Referimo-nos à organicidade. O uno que metaboliza, sinergiza, amplia. Como nos sistemas biológicos que se entrelaçam na unidade e diversidade. Unidade de estrutura e função e grande variedade de formas. O DNA, como molécula informacional, conformando toda a vida na Terra, e ao mesmo tempo a esplêndida diversidade que nossos olhos vêem.
Toda esta reflexão aqui é feita para chegar a um ponto: a empresa familiar tem esta organicidade, que tanta beleza dá à vida na Terra. A carga genética que une os membros da empresa familiar, as relações afetivas sobre as quais as pessoas foram criadas, e até mesmo os conflitos e dramas pelos quais a família passou, tudo isso plasma uma realidade única, transformando-a em verdadeira unidade metabólica.
O dia-a-dia da vida empresarial não permite ver esse talento singular. O que mais se expõe é a informalidade, as pequenas brigas de poder, os favorecimentos e tantos outros problemas. No entanto, quando há uma crise, observa-se claramente esta organicidade presente. As pessoas lutam para se superar a instância crítica e, naquele intervalo, todos respeitam os líderes que resolvem. E todos se unem.
Existem, é lógico, empresas familiares que, na crise, se esfacelam. Quantos casamentos não sucumbiram quando a empresa entrou em uma concordata? No entanto, se existir o sentido familiar presente, não há unidade empresarial mais unida e sólida. Lembra muito quando irmãos, noras e genros se unem porque a mãe ou o pai está passando mal. Ali se esquecem as diferenças e todos se juntam para apoiar o genitor problematizado. Nenhuma empresa, não familiar, conseguiria esta força quase metabólica, intestina, que suplanta diferenças para ganhar direção unívoca.
Faço estas reflexões porque vale a pena, às vezes, resgatar aqueles momentos da história da empresa familiar, em que os seus membros arregaçaram as mangas, superaram as diferenças e mandaram ver. É aquela força que dá tônus singular e diferenciado à empresa familiar e que, devidamente compreendida, pode ser sempre convocada, quando problemas fortes surgem.

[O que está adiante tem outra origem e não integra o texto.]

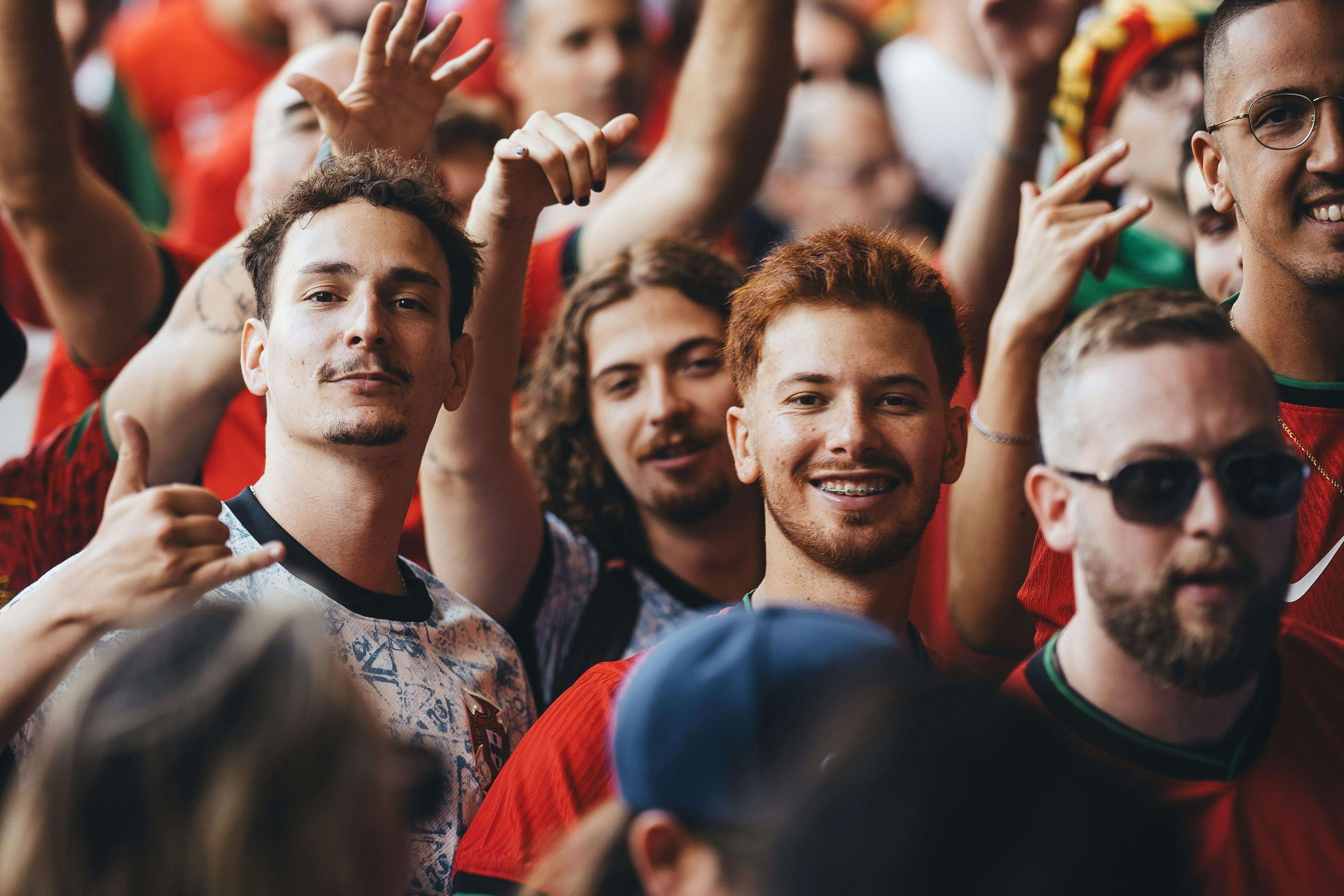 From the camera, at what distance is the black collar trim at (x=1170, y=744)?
1.94 m

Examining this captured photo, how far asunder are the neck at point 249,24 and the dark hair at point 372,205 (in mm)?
4100

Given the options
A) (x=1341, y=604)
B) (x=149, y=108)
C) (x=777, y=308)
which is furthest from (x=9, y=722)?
(x=149, y=108)

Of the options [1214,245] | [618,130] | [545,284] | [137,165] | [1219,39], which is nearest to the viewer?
[1219,39]

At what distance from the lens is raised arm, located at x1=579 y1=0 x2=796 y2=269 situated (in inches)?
150

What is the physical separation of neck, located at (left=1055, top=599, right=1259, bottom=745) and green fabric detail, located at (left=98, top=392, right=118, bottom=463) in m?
2.27

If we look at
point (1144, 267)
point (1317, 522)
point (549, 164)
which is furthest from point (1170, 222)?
point (549, 164)

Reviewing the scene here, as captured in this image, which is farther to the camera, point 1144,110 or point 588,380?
point 1144,110

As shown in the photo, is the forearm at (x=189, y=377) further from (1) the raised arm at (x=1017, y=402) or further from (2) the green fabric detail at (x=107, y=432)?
(1) the raised arm at (x=1017, y=402)

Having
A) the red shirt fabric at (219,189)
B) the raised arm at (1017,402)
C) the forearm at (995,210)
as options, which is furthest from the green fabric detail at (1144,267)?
the red shirt fabric at (219,189)

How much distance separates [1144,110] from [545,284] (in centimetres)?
204

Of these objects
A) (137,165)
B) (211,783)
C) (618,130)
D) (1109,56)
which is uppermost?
(1109,56)

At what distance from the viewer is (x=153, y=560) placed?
202cm

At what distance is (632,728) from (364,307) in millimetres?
1367

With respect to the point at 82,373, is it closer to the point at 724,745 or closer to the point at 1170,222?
the point at 724,745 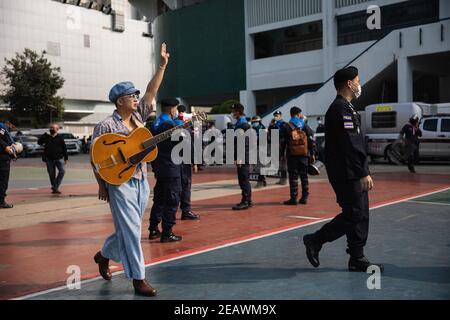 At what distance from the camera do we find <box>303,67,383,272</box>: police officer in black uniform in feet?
15.5

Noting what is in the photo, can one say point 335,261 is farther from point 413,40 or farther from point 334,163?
point 413,40

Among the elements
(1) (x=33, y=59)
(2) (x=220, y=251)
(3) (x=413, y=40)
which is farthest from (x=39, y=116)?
(2) (x=220, y=251)

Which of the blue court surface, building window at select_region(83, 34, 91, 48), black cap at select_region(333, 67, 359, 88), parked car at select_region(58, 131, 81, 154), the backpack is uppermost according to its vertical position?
building window at select_region(83, 34, 91, 48)

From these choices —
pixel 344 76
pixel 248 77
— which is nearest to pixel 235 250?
pixel 344 76

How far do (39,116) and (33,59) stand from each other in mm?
5292

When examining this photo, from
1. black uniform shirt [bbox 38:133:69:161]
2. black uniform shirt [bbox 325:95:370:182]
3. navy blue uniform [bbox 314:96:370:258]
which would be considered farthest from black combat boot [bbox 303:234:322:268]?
black uniform shirt [bbox 38:133:69:161]

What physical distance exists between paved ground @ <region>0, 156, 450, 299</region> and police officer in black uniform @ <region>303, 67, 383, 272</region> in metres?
0.40

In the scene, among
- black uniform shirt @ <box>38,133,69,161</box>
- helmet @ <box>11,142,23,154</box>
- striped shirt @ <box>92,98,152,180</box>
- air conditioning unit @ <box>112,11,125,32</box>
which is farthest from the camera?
air conditioning unit @ <box>112,11,125,32</box>

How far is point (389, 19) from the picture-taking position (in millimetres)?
31797

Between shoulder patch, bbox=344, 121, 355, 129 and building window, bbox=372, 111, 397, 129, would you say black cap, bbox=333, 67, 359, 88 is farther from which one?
building window, bbox=372, 111, 397, 129

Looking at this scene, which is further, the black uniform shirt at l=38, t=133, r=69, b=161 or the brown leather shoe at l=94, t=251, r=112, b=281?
the black uniform shirt at l=38, t=133, r=69, b=161

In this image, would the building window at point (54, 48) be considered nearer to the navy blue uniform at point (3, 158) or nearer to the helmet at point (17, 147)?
the navy blue uniform at point (3, 158)

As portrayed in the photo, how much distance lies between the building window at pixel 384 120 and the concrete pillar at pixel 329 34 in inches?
568

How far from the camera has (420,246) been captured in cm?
588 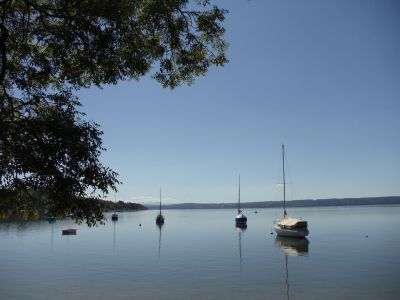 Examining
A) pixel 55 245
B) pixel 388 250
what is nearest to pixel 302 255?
pixel 388 250

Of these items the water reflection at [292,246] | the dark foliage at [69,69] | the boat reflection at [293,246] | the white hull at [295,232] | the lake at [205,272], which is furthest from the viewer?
the white hull at [295,232]

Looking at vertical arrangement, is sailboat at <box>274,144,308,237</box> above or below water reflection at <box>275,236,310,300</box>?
above

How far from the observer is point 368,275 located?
36.7 m

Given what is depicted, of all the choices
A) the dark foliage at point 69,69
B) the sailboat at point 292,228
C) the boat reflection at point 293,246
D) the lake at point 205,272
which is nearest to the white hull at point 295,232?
the sailboat at point 292,228

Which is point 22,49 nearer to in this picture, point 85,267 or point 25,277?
point 25,277

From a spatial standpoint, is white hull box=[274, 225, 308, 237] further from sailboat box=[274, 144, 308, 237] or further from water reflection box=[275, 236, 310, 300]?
water reflection box=[275, 236, 310, 300]

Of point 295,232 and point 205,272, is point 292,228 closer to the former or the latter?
point 295,232

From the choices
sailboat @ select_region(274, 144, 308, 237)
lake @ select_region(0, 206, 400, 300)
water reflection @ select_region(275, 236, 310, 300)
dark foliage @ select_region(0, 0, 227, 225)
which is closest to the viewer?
dark foliage @ select_region(0, 0, 227, 225)

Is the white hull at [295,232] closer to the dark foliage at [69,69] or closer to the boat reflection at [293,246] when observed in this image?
the boat reflection at [293,246]

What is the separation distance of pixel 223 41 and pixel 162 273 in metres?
31.6

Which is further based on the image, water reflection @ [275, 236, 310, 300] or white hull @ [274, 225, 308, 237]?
white hull @ [274, 225, 308, 237]

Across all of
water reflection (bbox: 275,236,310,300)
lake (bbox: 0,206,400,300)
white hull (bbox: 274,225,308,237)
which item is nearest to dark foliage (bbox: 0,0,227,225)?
lake (bbox: 0,206,400,300)

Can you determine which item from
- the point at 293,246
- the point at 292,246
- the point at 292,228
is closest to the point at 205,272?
the point at 292,246

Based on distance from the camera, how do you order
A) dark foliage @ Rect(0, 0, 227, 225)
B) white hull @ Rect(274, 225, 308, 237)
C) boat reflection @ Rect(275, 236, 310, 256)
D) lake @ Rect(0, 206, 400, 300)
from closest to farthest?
dark foliage @ Rect(0, 0, 227, 225) < lake @ Rect(0, 206, 400, 300) < boat reflection @ Rect(275, 236, 310, 256) < white hull @ Rect(274, 225, 308, 237) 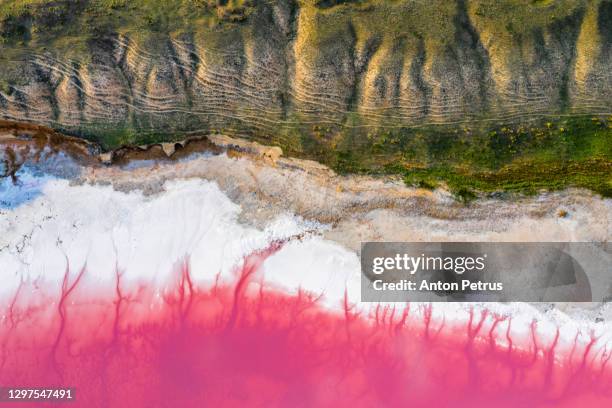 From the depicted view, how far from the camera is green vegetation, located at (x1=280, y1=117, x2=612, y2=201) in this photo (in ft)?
41.0

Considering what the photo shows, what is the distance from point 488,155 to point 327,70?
507 centimetres

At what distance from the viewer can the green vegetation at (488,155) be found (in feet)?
41.0

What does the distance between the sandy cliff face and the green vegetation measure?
1.42 ft

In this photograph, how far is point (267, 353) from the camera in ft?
42.6

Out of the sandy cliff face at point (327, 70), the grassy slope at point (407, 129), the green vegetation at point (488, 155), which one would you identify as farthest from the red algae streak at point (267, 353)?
the sandy cliff face at point (327, 70)

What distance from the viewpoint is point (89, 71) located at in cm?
1242

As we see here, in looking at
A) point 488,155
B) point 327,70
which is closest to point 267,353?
point 327,70

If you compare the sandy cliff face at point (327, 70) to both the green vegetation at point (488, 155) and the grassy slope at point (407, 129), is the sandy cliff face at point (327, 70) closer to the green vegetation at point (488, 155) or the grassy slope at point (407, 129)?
the grassy slope at point (407, 129)

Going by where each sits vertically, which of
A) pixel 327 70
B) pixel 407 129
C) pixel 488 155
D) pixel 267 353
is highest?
pixel 327 70

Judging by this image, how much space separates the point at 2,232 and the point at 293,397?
9.61 metres

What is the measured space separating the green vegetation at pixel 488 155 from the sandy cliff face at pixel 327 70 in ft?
1.42

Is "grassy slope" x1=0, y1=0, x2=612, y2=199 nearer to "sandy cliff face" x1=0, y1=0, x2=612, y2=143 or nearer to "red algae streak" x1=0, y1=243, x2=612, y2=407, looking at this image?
"sandy cliff face" x1=0, y1=0, x2=612, y2=143

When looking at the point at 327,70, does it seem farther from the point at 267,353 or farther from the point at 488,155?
the point at 267,353

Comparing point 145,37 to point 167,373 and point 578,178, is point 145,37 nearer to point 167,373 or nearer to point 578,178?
point 167,373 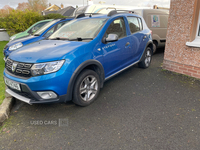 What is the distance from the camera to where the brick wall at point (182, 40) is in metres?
4.30

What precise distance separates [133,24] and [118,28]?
867mm

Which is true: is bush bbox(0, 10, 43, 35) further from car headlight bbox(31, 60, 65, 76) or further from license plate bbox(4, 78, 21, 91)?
car headlight bbox(31, 60, 65, 76)

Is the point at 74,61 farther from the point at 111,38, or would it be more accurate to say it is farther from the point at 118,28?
the point at 118,28

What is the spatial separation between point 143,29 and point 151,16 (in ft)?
7.54

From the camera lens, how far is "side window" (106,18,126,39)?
12.1 ft

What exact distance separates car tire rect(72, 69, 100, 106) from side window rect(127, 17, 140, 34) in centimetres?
200

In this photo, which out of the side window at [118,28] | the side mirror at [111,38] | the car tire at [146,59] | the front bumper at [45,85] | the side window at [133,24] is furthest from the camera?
the car tire at [146,59]

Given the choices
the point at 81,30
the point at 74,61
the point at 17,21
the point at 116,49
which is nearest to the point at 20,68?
the point at 74,61

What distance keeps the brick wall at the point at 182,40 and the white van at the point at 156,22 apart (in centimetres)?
222

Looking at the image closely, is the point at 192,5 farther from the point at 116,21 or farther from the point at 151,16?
the point at 151,16

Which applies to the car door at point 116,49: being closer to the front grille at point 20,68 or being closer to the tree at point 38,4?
the front grille at point 20,68

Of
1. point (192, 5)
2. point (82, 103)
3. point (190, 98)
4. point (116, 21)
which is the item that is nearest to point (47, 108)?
point (82, 103)

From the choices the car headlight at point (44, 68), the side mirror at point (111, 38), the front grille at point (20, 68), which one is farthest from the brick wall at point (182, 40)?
the front grille at point (20, 68)

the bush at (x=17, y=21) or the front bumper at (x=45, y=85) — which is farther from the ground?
the bush at (x=17, y=21)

As generalizações de conhecimentos em abundância de conceituações típicas de longa vivência cronológica em experiência humana e experiência profissional aqui relatada, emprestam ao final da leitura uma atitude informal, incerta ao leitor (órfão de família) do tipo: “todos os meios são válidos desde que o levem ao mesmo fim, a unicidade”.
Cerceou-se esperanças da adversidade do não familiar em muitos instantes, protagonizando-se apenas o cenário familiar sanguíneo como exemplo de organização, deixando desapetrechado de esperanças indivíduos não consangüíneos em busca de objetivos onde o senso de acordos comuns são possíveis e executáveis.
Vivamos a diversidade! ???
Sim!
A diversidade sempre existiu e sempre existirá.
A esperança é semente latente e factível em todo intelecto humano onde seu desabrochar dependerá em muito da maneira como for regada.
Vamos estimular seu desenvolvimento, seu progresso na Humanidade.
Sou adepto das soluções, do ensinar; não me limito a apontar o não regular.
Dou nota 6 ao artigo numa escala de 0 a 10.
Gilvan Nascimento Guimarães
Gilvan, seu comentário completa o sentido. A família abre seu campo de significação na empresa familiar e se expande ainda mais quando vê no grupo de colaboradores e pessoas com que se relaciona como consumidores e outros, a família ainda maior. A visão míope que consagra apenas os de mesmo sobrenome, por assim dizer, é o problematiza a empresa familiar e a faz objeto de tantas críticas.